5. RELEXÕES ACERCA DA EFETIVIDADE DO DIREITO DE INDENIZAÇÃO E “ENGESSAMENTO” DA PROPRIEDADE FUNDIÁRIA

Tornar a propriedade plena nas mãos do superficiário em caso de extinção do direito real de superfície pelo advento do termo, sem o pagamento de indenização seria um modo de “engessar” a disponibilidade da propriedade fundiária?  Porventura tal fato significaria a  constituição de um direito real de garantia sobre tal patrimônio, com fulcro em dívida futura? O interesse privado deve prevalecer sobre o interesse público, isto é, deve-se dar maior garantia ao concedente em detrimento do investidor?

O primeiro dos questionamentos é respondido pela realidade do mercado imobiliário.
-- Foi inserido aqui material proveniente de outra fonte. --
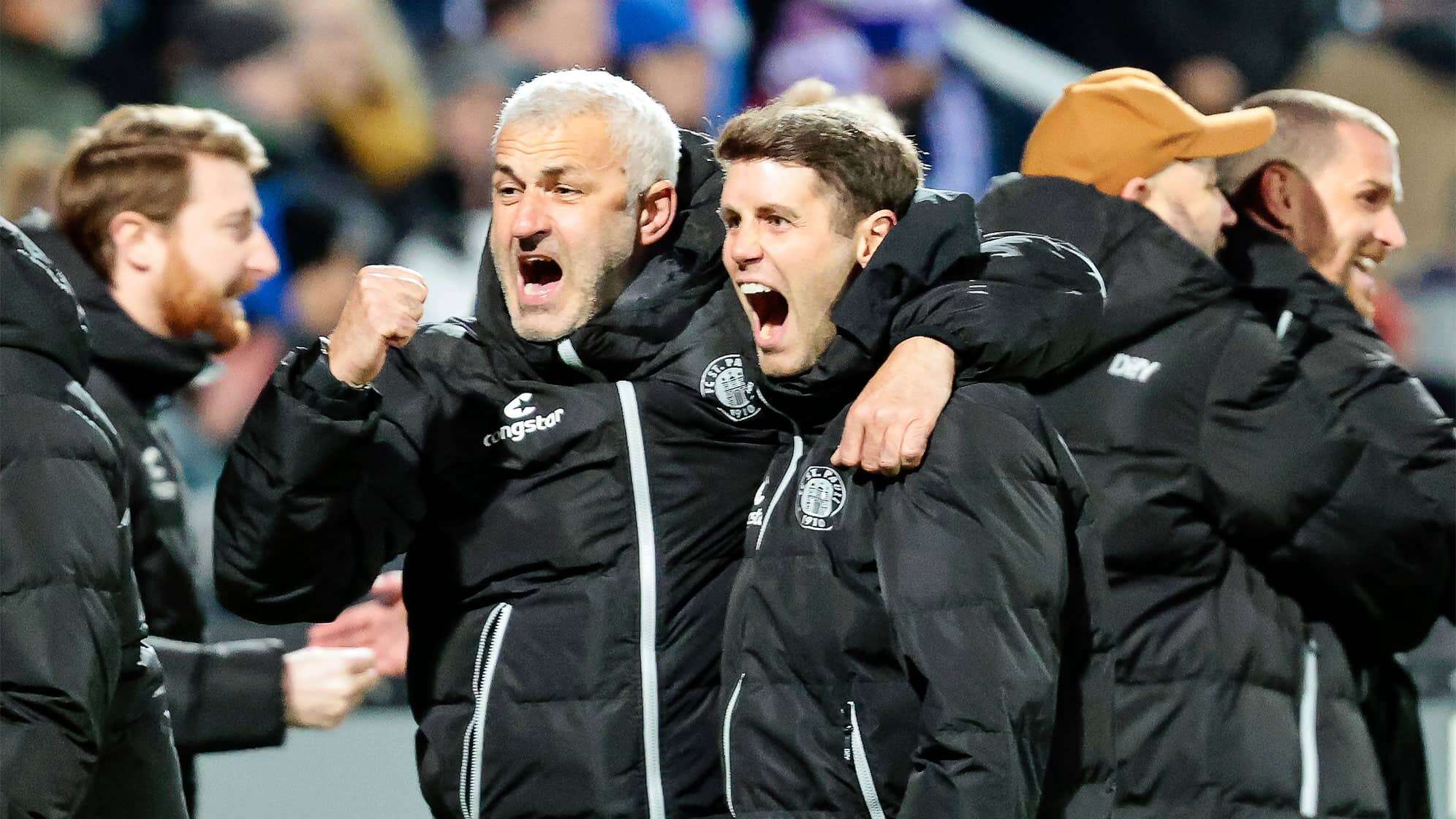 Fußball: 2. Bundesliga, Holstein Kiel - FC St. Pauli, 23. Spieltag, Holstein-Stadion. St. Paulis Co-Trainer Peter Nemeth (l) und St. Paulis Trainer Fabian Hürzeler jubeln nach dem Sieg. Foto: Frank Molter/dpa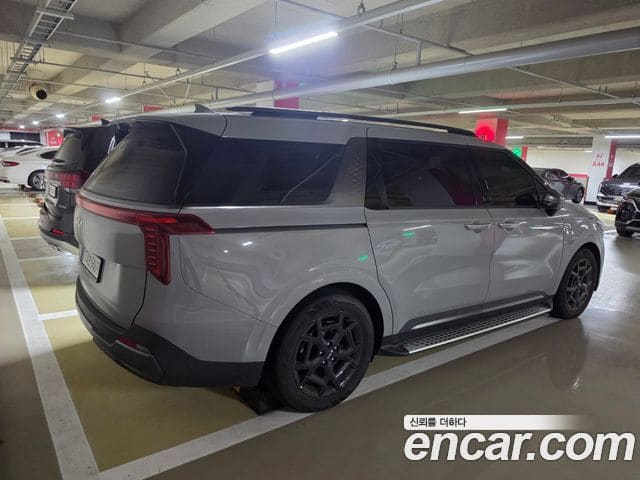 Kia Carnival — фото 1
Excepcionalmente alguém adquirirá um imóvel gravado de superfície. A preferência é por bem de raiz livre e desembaraçado. Assim, uma vez registrado o direito real de superfície, a disposição da propriedade fundiária já se torna mais remota. O maior interessado na sua aquisição é o próprio concessionário.

O segundo deles tem sua resposta no título constitutivo. A dívida não é futura. A indenização é pactuada no referido documento. A sua exigibilidade e/ou quantificação é que se dá em momento posterior.

Finalmente, o terceiro é respondido pela realidade social. O Estado não dispõe de meios para concretizar a política habitacional. O investidor precisa se sentir atraído e seguro. Se assim não for, ele partirá para outro tipo de empreendimento, não se podendo privilegiar o direito de dispor da propriedade fundiária em detrimento de uma política social.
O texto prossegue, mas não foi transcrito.